Exercise goal
Restate word for word the entries below, starting with the line with "Green Christmas Believe" and continuing through the line with "Aparador de madera, muebles". Include both of those lines and no others.

Data records
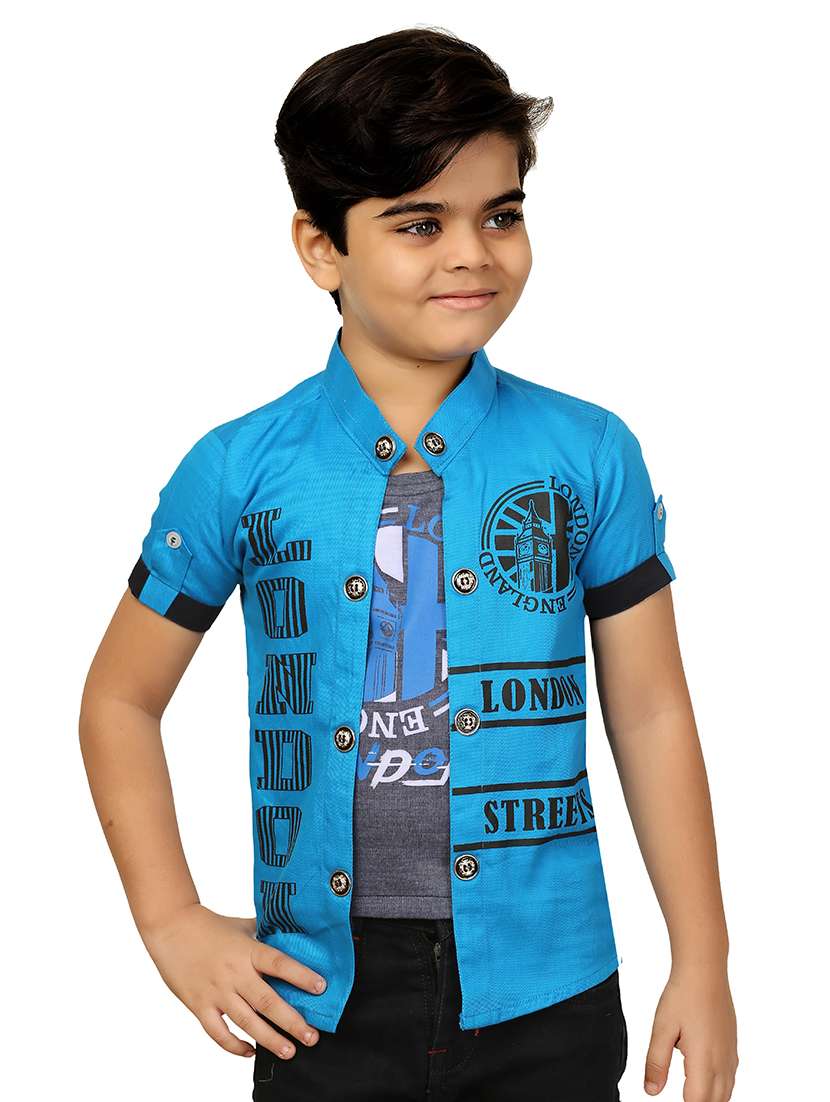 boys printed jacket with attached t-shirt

==

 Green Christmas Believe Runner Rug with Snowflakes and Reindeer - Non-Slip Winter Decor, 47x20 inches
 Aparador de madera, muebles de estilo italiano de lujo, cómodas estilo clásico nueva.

--

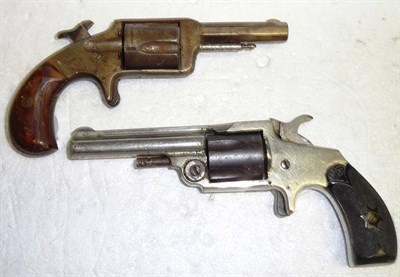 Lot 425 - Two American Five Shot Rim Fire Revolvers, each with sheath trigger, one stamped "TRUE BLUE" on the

Solution
 Green Christmas Believe Runner Rug with Snowflakes and Reindeer - Non-Slip Winter Decor, 47x20 inches
 Aparador de madera, muebles de estilo italiano de lujo, cómodas estilo clásico nueva.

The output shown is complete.